Counsel claim that, as one of the results of the financial depression, it is extremely difficult to obtain loans on real estate security; that in many instances the income from mortgaged property is insufficient to pay taxes, operating charges, interest, and serial retirements, and the trustee should bring foreclosure proceedings to avoid further loss; that a bondholders' committee representing but a portion of the bonds may be seriously handicapped and possibly not be able to bid at all on account of its inability to pay the amount of cash required to purchase the property at foreclosure sale even after the application of the deposited bonds; that if a cash bid is made at all, it must be a very small one; that bondholders, realizing conditions, are apt to sell their bonds for far less than their actual value. The seriousness of the situation is recognized by the title to Act No. 111, Pub. Acts 1931, and also by the further fact that the act was given immediate effect by the legislature. Plaintiff contends that the provisions of the act were not invoked until after the property had been offered at a judicial sale at which the bondholder, the mortgagor, and the public had an opportunity to bid; that the mortgage indenture created an express trust, the purposes of which were found incapable of being carried out in manner and form as intended by the mortgage; and thereafter the aid of a court of equity was sought to administer substantial relief to all bondholders without any discrimination. The defendant and objecting bondholder claim that the commissioner's sale may have failed because plaintiff desired to invoke the aid of Act No. 111, supra, and that the committee holding over 97 per cent. of the bonds could have purchased the property With a comparatively small cash outlay.

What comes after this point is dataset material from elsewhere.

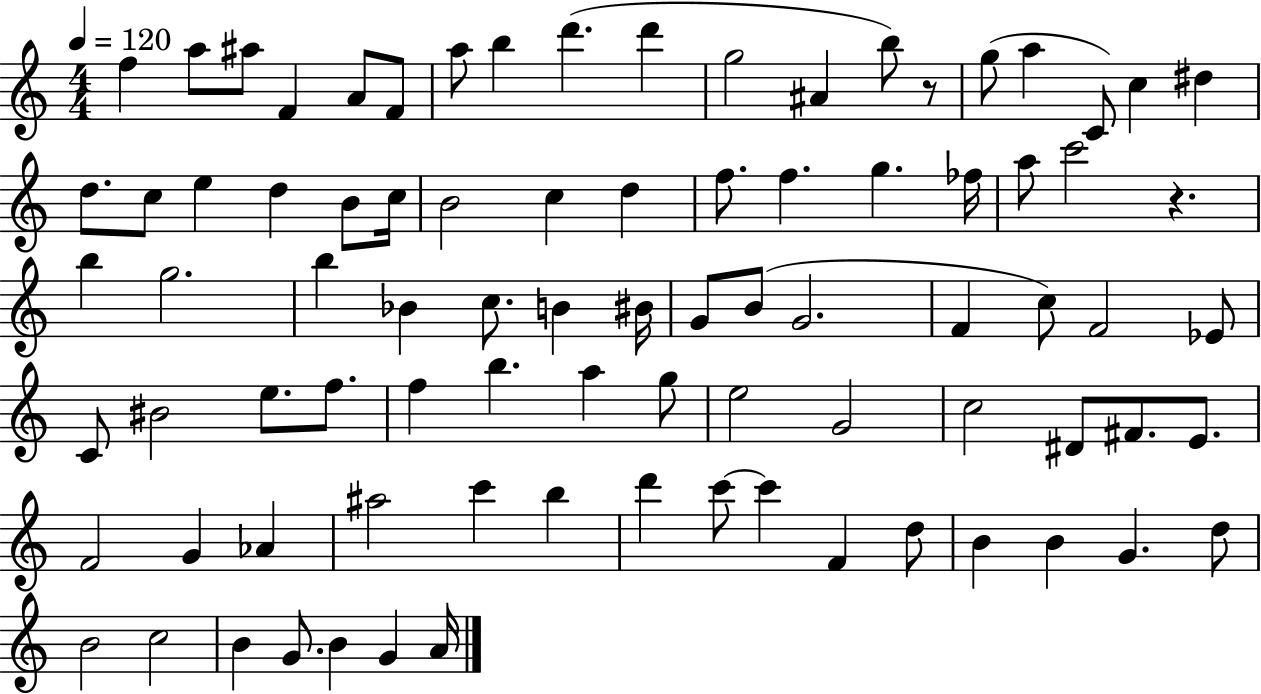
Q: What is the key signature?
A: C major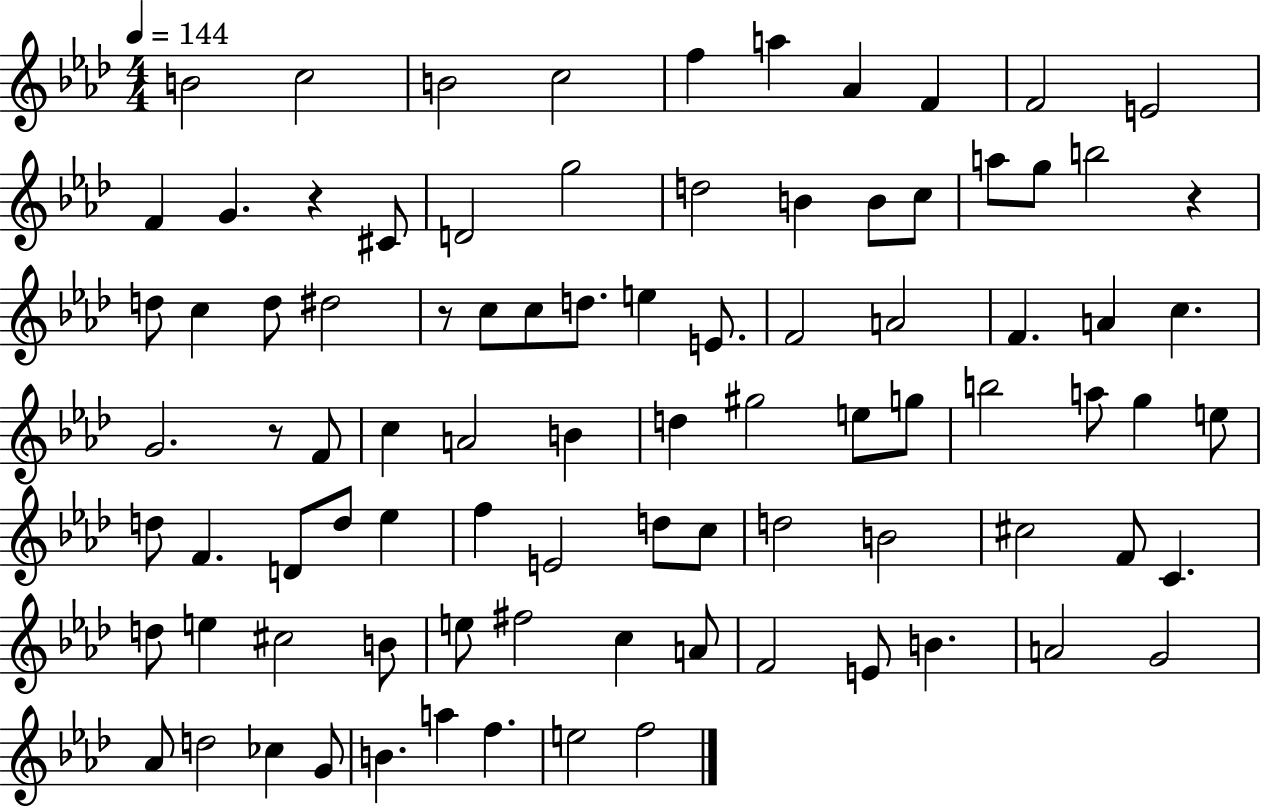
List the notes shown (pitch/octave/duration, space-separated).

B4/h C5/h B4/h C5/h F5/q A5/q Ab4/q F4/q F4/h E4/h F4/q G4/q. R/q C#4/e D4/h G5/h D5/h B4/q B4/e C5/e A5/e G5/e B5/h R/q D5/e C5/q D5/e D#5/h R/e C5/e C5/e D5/e. E5/q E4/e. F4/h A4/h F4/q. A4/q C5/q. G4/h. R/e F4/e C5/q A4/h B4/q D5/q G#5/h E5/e G5/e B5/h A5/e G5/q E5/e D5/e F4/q. D4/e D5/e Eb5/q F5/q E4/h D5/e C5/e D5/h B4/h C#5/h F4/e C4/q. D5/e E5/q C#5/h B4/e E5/e F#5/h C5/q A4/e F4/h E4/e B4/q. A4/h G4/h Ab4/e D5/h CES5/q G4/e B4/q. A5/q F5/q. E5/h F5/h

But a few years previous it had been appraised at more than twice the amount of the mortgage loan, and it was paying a very substantial income over and above taxes and fixed charges even during the period of foreclosure.

It is further claimed that the title of the act is insufficient and does not fully describe its purposes. We believe that the title does give sufficient notice of the purposes of the act. It is further contended that the act should not have been given immediate effect. In Industrial Bank of Wyandotte v. Reichert, 251 Mich. 396, we upheld the powers of the legislature to give immediate effect to a law affecting the public safety by protection of property. See, also, Naudzius v. Lahr, 253 Mich. 216 (74 A.L.R. 1189, 30 N.C. C. A. 179).

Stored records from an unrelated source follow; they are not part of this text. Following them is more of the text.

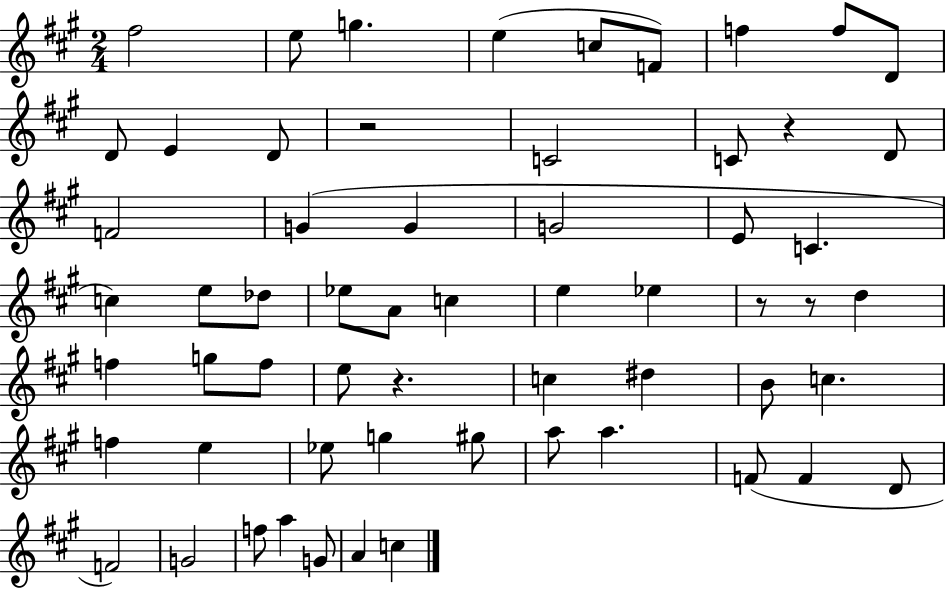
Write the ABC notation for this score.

X:1
T:Untitled
M:2/4
L:1/4
K:A
^f2 e/2 g e c/2 F/2 f f/2 D/2 D/2 E D/2 z2 C2 C/2 z D/2 F2 G G G2 E/2 C c e/2 _d/2 _e/2 A/2 c e _e z/2 z/2 d f g/2 f/2 e/2 z c ^d B/2 c f e _e/2 g ^g/2 a/2 a F/2 F D/2 F2 G2 f/2 a G/2 A c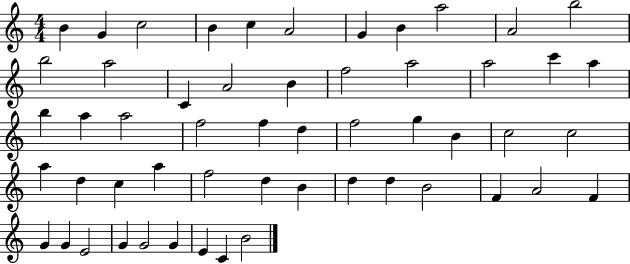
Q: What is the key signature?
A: C major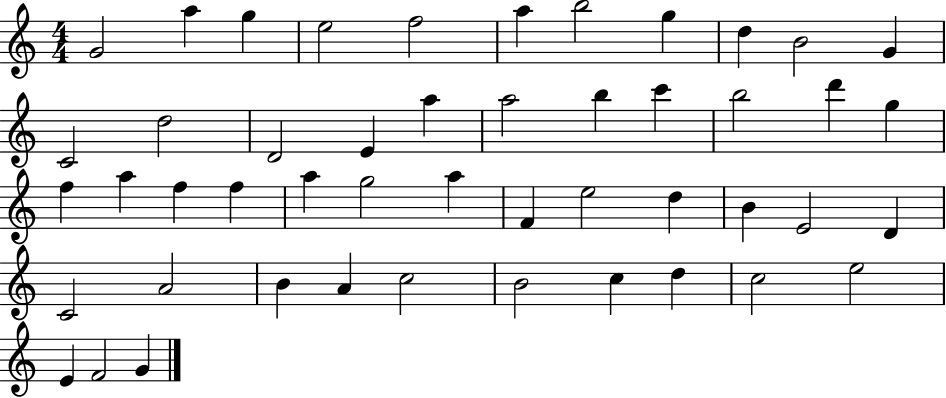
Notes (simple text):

G4/h A5/q G5/q E5/h F5/h A5/q B5/h G5/q D5/q B4/h G4/q C4/h D5/h D4/h E4/q A5/q A5/h B5/q C6/q B5/h D6/q G5/q F5/q A5/q F5/q F5/q A5/q G5/h A5/q F4/q E5/h D5/q B4/q E4/h D4/q C4/h A4/h B4/q A4/q C5/h B4/h C5/q D5/q C5/h E5/h E4/q F4/h G4/q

The main attack on the law is made on the ground that it offends both the Federal and State Constitutions in that it provides for the taking of property without due process of law, contrary to the provisions of the 14th Amendment of the Constitution of the United States and article 2, § 16, of the State Constitution; and also in that it impairs the obligation of a contract contrary to the provisions of article 1, § 10, of the Constitution of the United States, and article 2, § 9, of the State Constitution. We shall only discuss the effect of the act as to mortgages executed prior to its enactment.

Plaintiff claims that the act affects the remedy alone. In so doing, however, it may not take away substantial rights of parties to the instrument or those having a beneficial interest therein. Mundy v. Munroe, 1 Mich. 68; Cargill v. Power, I Mich. 369; Blackwood v. Van Vleet, 11 Mich. 252. See, also, Rott v. Steffens, 229 Mich. 241, 246 (38 A.L.R. 224). The authority given by the court to the trustee to bid $760,000 for the property was granted at a hearing of which no notice was given to bondholders who had not deposited their bonds with the committee. Plaintiff claims that these holders were parties to the foreclosure brought by the trustees in their behalf, and thus had at least constructive notice of the proceedings in the suit. The indenture provided that the foreclosure was to be brought by the trustee, not by the bondholders. While no notice is necessary with respect to proceedings incident to the usual foreclosure sale, notice was necessary under the special type of proceeding provided by the act. It provides that the bid on the request of a majority of bondholders would constitute their appearance in the case, and that nonassenting bondholders might also appear. How were the latter to appear without any notice? The amicus curiæ, who has filed a brief in support of the act, asserts that if notice was necessary it should have been given, and that a provision to that effect can be read into the act. The fact remains, however, that no notice was given, and it was essential that the nonassenting bondholders should have had notice either by personal service, or, if this could not be obtained, then by publication.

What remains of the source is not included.